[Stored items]

++++

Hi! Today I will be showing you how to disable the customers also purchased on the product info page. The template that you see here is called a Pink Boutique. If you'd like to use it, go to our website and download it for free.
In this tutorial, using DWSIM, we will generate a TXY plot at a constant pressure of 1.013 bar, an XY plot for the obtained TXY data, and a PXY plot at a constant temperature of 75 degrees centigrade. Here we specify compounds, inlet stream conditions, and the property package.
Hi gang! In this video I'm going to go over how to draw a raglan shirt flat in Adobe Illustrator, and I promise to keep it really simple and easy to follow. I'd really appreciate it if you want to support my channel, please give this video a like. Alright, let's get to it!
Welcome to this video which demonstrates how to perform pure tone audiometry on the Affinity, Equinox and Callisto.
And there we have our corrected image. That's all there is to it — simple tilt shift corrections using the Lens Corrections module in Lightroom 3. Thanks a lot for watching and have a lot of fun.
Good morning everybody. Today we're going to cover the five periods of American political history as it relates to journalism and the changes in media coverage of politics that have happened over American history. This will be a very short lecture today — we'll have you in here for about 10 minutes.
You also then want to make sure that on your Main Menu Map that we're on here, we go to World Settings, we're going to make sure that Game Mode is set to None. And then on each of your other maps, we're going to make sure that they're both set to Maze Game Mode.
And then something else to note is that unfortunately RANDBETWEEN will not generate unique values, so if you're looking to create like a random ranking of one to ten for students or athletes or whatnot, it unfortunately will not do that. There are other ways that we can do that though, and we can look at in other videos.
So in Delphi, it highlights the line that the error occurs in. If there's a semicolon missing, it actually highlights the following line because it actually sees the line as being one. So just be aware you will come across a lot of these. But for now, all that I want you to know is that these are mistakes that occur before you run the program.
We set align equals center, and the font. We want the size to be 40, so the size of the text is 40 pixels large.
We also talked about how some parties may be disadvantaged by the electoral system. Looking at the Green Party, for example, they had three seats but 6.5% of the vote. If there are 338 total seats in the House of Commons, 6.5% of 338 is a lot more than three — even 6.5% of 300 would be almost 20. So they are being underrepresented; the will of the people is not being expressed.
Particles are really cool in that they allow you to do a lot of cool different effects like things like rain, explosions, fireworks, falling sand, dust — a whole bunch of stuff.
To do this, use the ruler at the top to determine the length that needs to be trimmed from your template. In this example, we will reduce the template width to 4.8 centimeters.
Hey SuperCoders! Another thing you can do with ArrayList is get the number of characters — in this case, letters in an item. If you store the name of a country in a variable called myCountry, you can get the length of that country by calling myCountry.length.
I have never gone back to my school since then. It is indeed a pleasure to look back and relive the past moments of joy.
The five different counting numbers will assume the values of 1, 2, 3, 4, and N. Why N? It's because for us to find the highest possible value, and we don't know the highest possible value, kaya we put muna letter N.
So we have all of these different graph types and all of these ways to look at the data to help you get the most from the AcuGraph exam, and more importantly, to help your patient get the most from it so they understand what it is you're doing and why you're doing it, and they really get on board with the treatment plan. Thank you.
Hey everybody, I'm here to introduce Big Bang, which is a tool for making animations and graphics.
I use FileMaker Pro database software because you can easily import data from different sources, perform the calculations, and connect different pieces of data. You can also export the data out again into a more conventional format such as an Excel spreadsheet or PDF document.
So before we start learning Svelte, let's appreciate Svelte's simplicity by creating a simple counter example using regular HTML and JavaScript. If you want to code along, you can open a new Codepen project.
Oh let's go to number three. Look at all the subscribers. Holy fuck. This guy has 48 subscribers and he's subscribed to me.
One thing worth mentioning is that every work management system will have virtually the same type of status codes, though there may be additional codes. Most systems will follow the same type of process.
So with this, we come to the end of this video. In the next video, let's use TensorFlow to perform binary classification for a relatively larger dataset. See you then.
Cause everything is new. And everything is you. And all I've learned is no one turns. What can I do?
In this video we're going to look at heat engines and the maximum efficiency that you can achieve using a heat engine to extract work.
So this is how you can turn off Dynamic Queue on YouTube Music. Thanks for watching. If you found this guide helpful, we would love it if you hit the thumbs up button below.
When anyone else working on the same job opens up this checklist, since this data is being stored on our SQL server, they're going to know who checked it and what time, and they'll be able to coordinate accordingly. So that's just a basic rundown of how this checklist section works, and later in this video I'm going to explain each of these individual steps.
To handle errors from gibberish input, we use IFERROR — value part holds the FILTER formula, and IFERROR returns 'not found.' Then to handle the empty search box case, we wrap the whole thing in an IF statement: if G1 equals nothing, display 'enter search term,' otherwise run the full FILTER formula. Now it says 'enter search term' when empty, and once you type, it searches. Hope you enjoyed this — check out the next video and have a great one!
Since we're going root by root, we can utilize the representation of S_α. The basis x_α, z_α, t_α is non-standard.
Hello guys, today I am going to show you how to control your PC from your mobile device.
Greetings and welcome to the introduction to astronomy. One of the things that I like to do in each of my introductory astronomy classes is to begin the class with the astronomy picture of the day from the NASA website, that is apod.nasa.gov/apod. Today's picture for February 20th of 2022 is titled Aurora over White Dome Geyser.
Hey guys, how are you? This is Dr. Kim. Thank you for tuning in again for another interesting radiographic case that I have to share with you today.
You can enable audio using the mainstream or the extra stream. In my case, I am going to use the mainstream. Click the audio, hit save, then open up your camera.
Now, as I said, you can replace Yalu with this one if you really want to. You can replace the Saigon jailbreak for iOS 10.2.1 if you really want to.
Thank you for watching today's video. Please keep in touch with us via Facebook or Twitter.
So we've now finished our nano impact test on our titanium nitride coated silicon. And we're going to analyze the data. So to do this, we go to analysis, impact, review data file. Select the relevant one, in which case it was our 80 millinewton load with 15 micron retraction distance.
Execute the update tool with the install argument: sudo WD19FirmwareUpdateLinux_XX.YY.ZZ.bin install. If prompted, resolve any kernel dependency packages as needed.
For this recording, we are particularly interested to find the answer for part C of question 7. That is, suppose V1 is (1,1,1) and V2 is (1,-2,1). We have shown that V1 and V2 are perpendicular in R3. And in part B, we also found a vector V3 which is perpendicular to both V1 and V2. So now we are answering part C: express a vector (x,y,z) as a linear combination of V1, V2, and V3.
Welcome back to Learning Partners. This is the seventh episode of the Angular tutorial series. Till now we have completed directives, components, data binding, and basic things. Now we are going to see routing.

++++

• [WORK REQUIRED]: Quote the records above exactly, from the first line through the line containing "And there we", and nothing more.

• [THE ANSWER]:
Hi! Today I will be showing you how to disable the customers also purchased on the product info page. The template that you see here is called a Pink Boutique. If you'd like to use it, go to our website and download it for free.
In this tutorial, using DWSIM, we will generate a TXY plot at a constant pressure of 1.013 bar, an XY plot for the obtained TXY data, and a PXY plot at a constant temperature of 75 degrees centigrade. Here we specify compounds, inlet stream conditions, and the property package.
Hi gang! In this video I'm going to go over how to draw a raglan shirt flat in Adobe Illustrator, and I promise to keep it really simple and easy to follow. I'd really appreciate it if you want to support my channel, please give this video a like. Alright, let's get to it!
Welcome to this video which demonstrates how to perform pure tone audiometry on the Affinity, Equinox and Callisto.
And there we have our corrected image. That's all there is to it — simple tilt shift corrections using the Lens Corrections module in Lightroom 3. Thanks a lot for watching and have a lot of fun.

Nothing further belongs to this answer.